Your objective: Write out exactly the lines running from the one with "Gozzip tuniek Skuld" to the last line of the entries, keeping both the first and the last.

(Scraped caption text data)
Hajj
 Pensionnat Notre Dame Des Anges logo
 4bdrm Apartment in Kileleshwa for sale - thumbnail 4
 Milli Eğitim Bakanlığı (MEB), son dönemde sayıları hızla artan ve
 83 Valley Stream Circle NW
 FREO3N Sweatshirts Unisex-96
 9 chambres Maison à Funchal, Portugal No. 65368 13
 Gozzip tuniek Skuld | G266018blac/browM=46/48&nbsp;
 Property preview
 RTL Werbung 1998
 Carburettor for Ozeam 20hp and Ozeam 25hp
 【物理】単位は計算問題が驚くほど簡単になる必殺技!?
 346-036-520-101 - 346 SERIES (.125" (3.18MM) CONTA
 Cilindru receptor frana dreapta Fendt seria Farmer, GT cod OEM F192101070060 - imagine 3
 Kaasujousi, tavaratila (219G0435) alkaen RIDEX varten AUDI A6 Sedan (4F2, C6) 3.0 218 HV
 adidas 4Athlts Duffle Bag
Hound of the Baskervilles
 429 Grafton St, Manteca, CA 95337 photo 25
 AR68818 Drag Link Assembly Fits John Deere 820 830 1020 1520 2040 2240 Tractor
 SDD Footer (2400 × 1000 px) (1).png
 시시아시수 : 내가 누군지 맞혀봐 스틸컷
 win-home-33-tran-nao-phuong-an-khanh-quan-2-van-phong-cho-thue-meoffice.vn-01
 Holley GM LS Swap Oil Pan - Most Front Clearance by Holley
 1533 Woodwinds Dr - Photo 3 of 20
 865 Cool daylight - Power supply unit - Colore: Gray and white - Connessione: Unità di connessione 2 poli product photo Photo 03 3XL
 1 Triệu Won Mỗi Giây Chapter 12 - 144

Solution for this task:
 Gozzip tuniek Skuld | G266018blac/browM=46/48&nbsp;
 Property preview
 RTL Werbung 1998
 Carburettor for Ozeam 20hp and Ozeam 25hp
 【物理】単位は計算問題が驚くほど簡単になる必殺技!?
 346-036-520-101 - 346 SERIES (.125" (3.18MM) CONTA
 Cilindru receptor frana dreapta Fendt seria Farmer, GT cod OEM F192101070060 - imagine 3
 Kaasujousi, tavaratila (219G0435) alkaen RIDEX varten AUDI A6 Sedan (4F2, C6) 3.0 218 HV
 adidas 4Athlts Duffle Bag
Hound of the Baskervilles
 429 Grafton St, Manteca, CA 95337 photo 25
 AR68818 Drag Link Assembly Fits John Deere 820 830 1020 1520 2040 2240 Tractor
 SDD Footer (2400 × 1000 px) (1).png
 시시아시수 : 내가 누군지 맞혀봐 스틸컷
 win-home-33-tran-nao-phuong-an-khanh-quan-2-van-phong-cho-thue-meoffice.vn-01
 Holley GM LS Swap Oil Pan - Most Front Clearance by Holley
 1533 Woodwinds Dr - Photo 3 of 20
 865 Cool daylight - Power supply unit - Colore: Gray and white - Connessione: Unità di connessione 2 poli product photo Photo 03 3XL
 1 Triệu Won Mỗi Giây Chapter 12 - 144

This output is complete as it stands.